Le poème que j’ai choisi pour mon œuvre a été écrit par Rabindranath Tagore. Il s’intitule Fruit Gathering No. LXXIX et décrit la prière. Tagore l’a initialement écrit en bengali, avant d’en faire la traduction vers l’anglais. Pour moi, ce texte parle d’une transformation depuis un murmure introverti vers le triomphe d’une liberté sans peur. J’étais en particulier attirée par l’idée d’absence de peur. J’ai en fait découvert que le rythme de notre respiration avait un effet sur nos peurs et nos souvenirs. Lorsque nous sommes effrayés, notre respiration et les battements de notre cœur s’accélèrent. Tandis que des respirations profondes nous aident à nous calmer et à diminuer notre anxiété.

À l’instar du poème de l’univers de Tagore, je me suis efforcée de représenter l’image que je me fais de la prière, en utilisant des sons comme les vibrations de la voix, les soupirs profonds et la respiration, qui nous permettent de ressentir la chaleur de la vie, ou bien sa clarté et sa froideur. Dans certaines sections, chaque chanteur épelle les mots. Tous ces moments se superposent pour générer une énergie considérable.

Dans cette composition, j’ai été attirée par l’idée que de nombreux microcosmes (chaque personne prise individuellement) peuvent former des macrocosmes. Chaque note est un ensemble de partiels et une composition est une accumulation de notes.

L’image d’êtres humains en train de murmurer une prière sur Terre et de rassembler petit à petit l’énergie pour atteindre une hauteur plus élevée me rappelle le processus d’une note fondamentale sans cesse transformée afin de révéler ses partiels et de créer un univers de sons riche.

Cologne, 23 septembre 2017, Malika Kishino (Trad.)

" … Kaum einen Hauch… (2018) "

Pour 10 musiciens

Editions Suivi Zerboni

SÉLECTION 2020

Commande de la Junge Deutsche Philharmonie pour la Freispiele 2018 Goethe Festwoche.

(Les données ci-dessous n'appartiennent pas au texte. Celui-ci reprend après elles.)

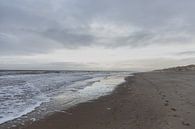 Strand en Zee van Dixy Kracht thumbnail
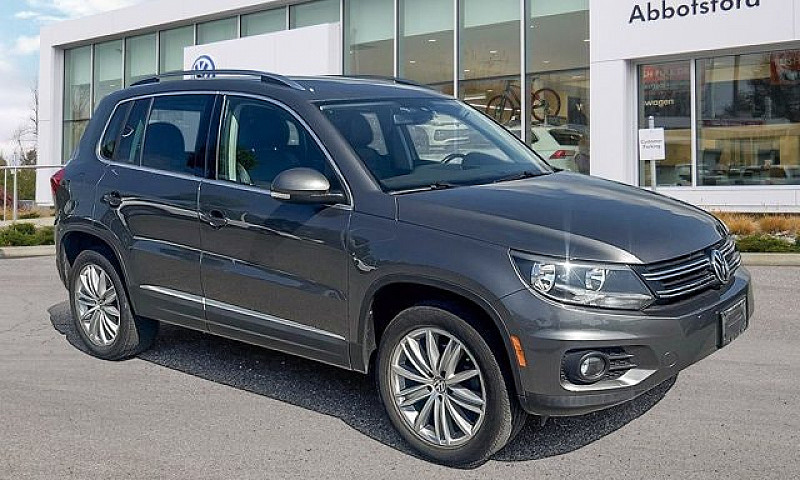 2017 Volkswagen Tigu...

Création le 11 septembre 2018 à Frankfurt, Künstlerhaus Mousonturm - Freispiele 2018 Goethe Festwoche par Junge Deutsche Philharmonie, dir. David Niemann

Über allen Gipfeln

Ist Ruh',

In allen Wipfeln

Spürest Du

Kaum einen Hauch ;

Die Vögelein schweigen im Walde.

Warte nur! Balde

Ruhest du auch.

 

La pièce est une reprise des paroles du Chant de nuit du voyageur II de Johann Wolfgang von Goethe. Elle se compose de deux parties. Tout au long de la pièce, un motif représentant la « respiration » (inspiration et expiration) forme le lit sur lequel passe le courant de la musique. Les premières parties sont faites de neuf sous-parties (respirations), elles-mêmes divisées en trois groupes. Chaque groupe représente différents éléments qui s’ajoutent, comme un mouvement linéaire doux (le courant), des pulsations (le battement de cœur) et des fragments de citations, symboles de l’empreinte chaleureuse laissée par un souvenir. Au travers des neuf respirations de longueurs différentes, la musique s’ébranle progressivement pour atteindre les cimes.

La seconde partie représente le calme, la paix et le repos. 

Comme Goeth l'a dit, le sommet est avant tout calme. Ici, vous ressentez à peine un souffle mais une profonde immobilité.